Monday, January 13, 2020

Economics of Collective Reputation and Wine

Yesterday Jared and I presented on the economics of collective reputation and wine.  Reputation can be defined as defined as the general beliefs or opinions others have about a person or a brand.  A shared brand name such as geographical names have been given to identify high quality food, such as greek olives and parma ham.  This relates to some of the places near us in Italy but with wine, for example Tuscany and Champaign.  

Having a good collective reputation leads to many strong advantages, for example a small firm will be able to reap the benefits of reputation without having to establish itself.  Tirole made an attempt to model group reputation as an aggregate of individual reputation, meaning new members will inherit the good or bad reputation of a group when joining.  There can be a negative result when more members join a firm, this means there is a correlation between collective reputation and the number of producers.
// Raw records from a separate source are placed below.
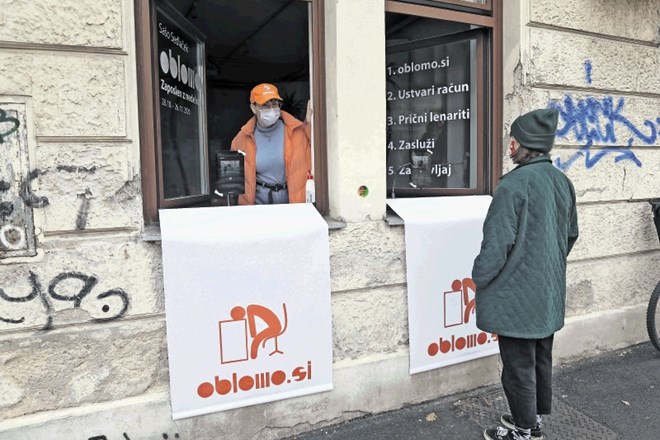 Galerija Aksioma svojo zadnjo razstavo Oblomo: Zaposlen z nedelom avtorja Saše Sedlačka razstavlja kar na svojih oknih.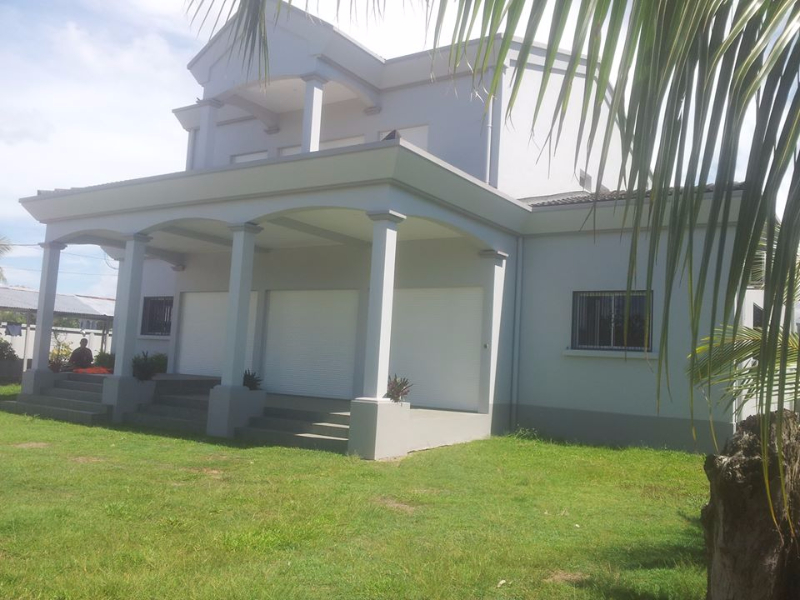 Grande Villa à étage meublée à louer à Tamatave Miniature 2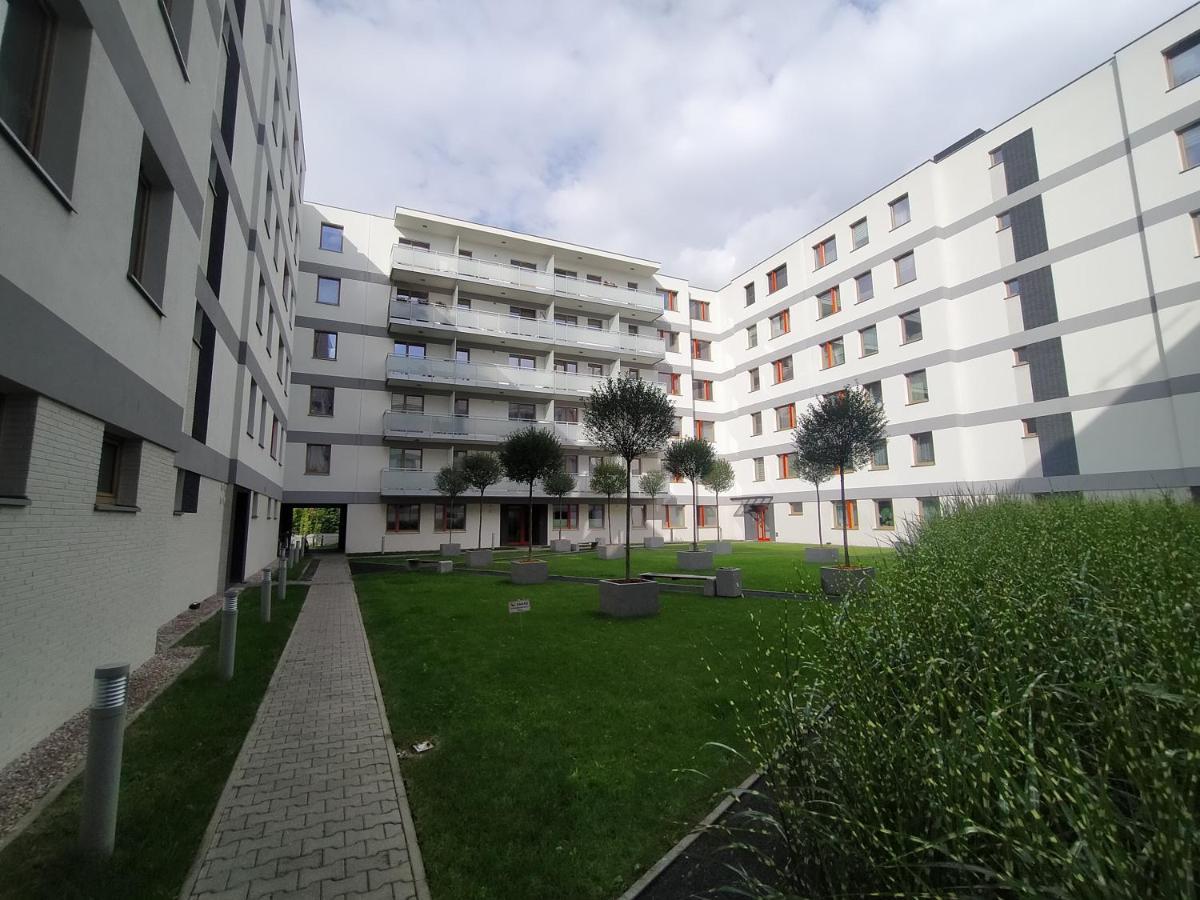 Fajny Apartament Z Parkingiem, Obok Metra. Warschau Exterior foto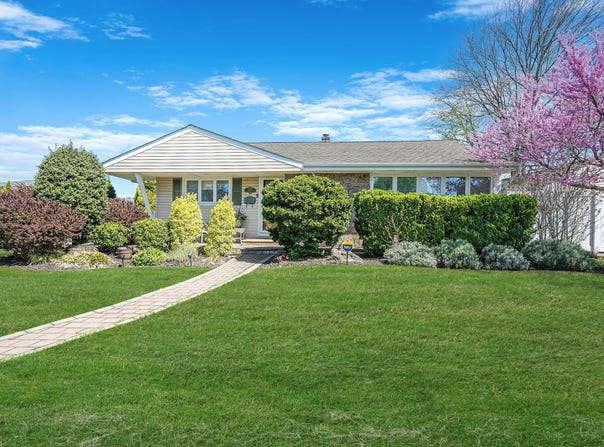1 Elizabeth Drive, Bethpage, NY 11714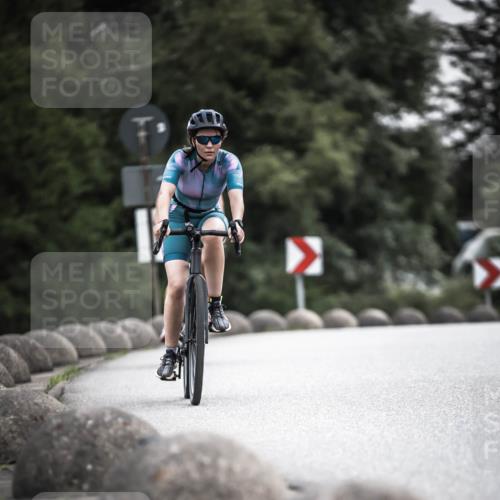 21.06.2026 - 29. Vierlanden-Triathlon H.Heesch http://msf.ph/oto/9857434 21.06.2026 10:29:37 Radfahren 14, 516, 524, 605 meine-sportfotos.de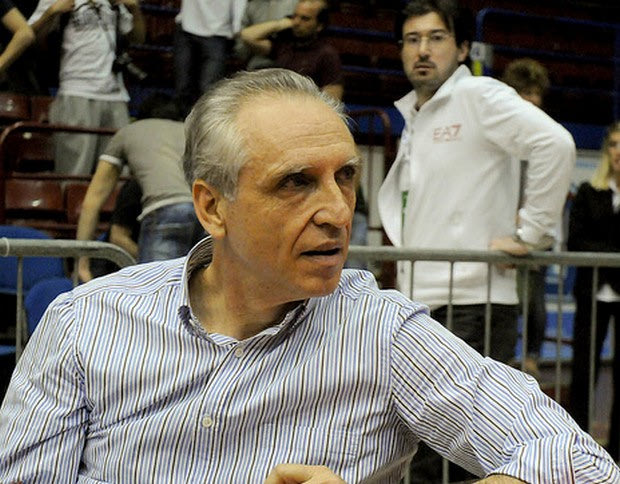 Σε κατ’ οίκον περιορισμό ο Μινούτσι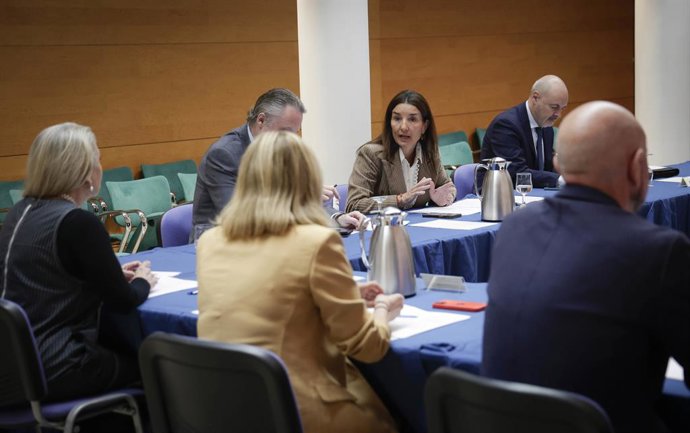 La consellera d'Hisenda i Economia, Ruth Merino, presideix la comissió mixta Consell-Corts per a la reforma del finançament, este divendres en Les Corts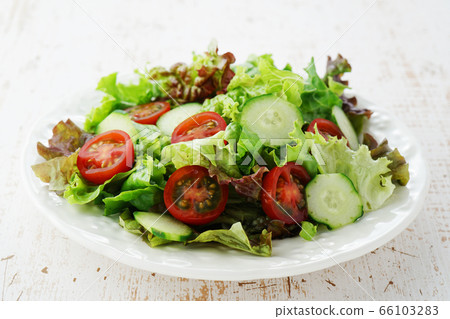 Tomato, lettuce and cucumber salad Tomato, lettuce and cucumber salad 66103283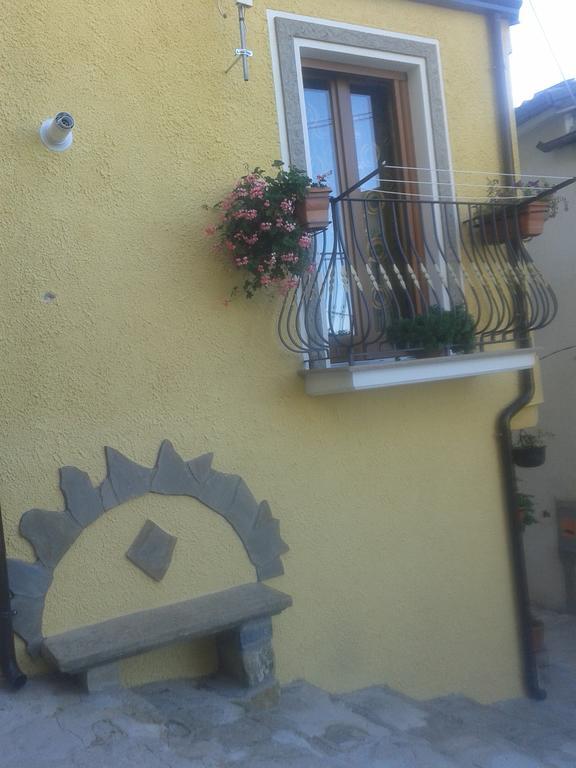 B&B L'Arabatana Pietrapertosa Εξωτερικό φωτογραφία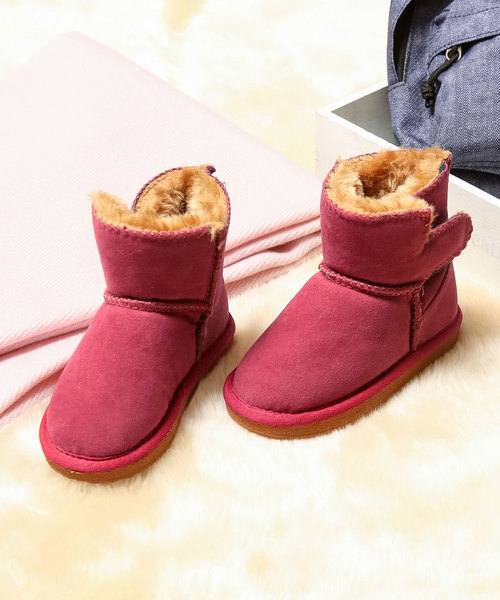 mooimooi(モーイモーイ)の「折り返し2Way仕様 キッズ ムートンブーツ(ブーツ・キッズ・チャコールグレー/ブラック/ダークブラウン/ベージュ/ネイビー/ピンク/キャメル/スモークピンク/オレンジ・15.0cm/13.0cm/14.0cm)」の7枚目の写真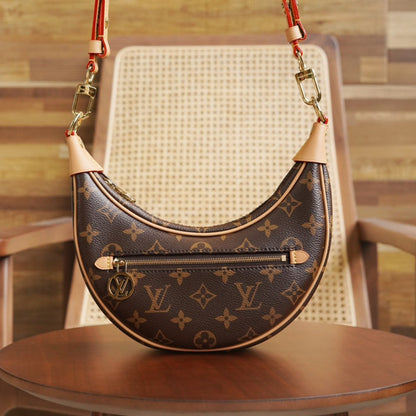 L V Loop Moon Bag M8109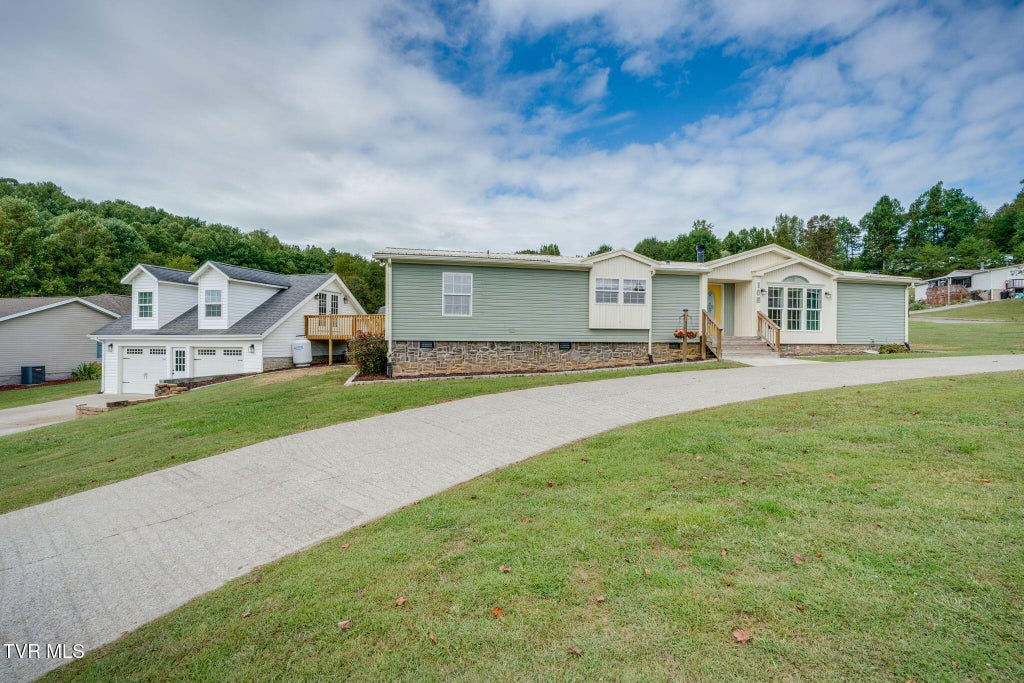 Photo of 105 Dale View Drive, Blountville, TN 37617 (MLS # 10001408)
There are three main determinants that can be identified for collective reputation.  The first being the characteristics of the coalition, the second being the quality standards set by the coalition and the governing body, the third being the context in which firms operate. 

In second portion of the article it describes some of the ways wine has been rated and represented in Italy.  There is Vertical Differentiation, and Horizontal Differentiation.  The main ways wine is graded in Italy is the Hugh Jackson's wine guide.  This article relates to when we visited the organic vineyard two days ago, we can see some of the economics that relates to Rosi's business.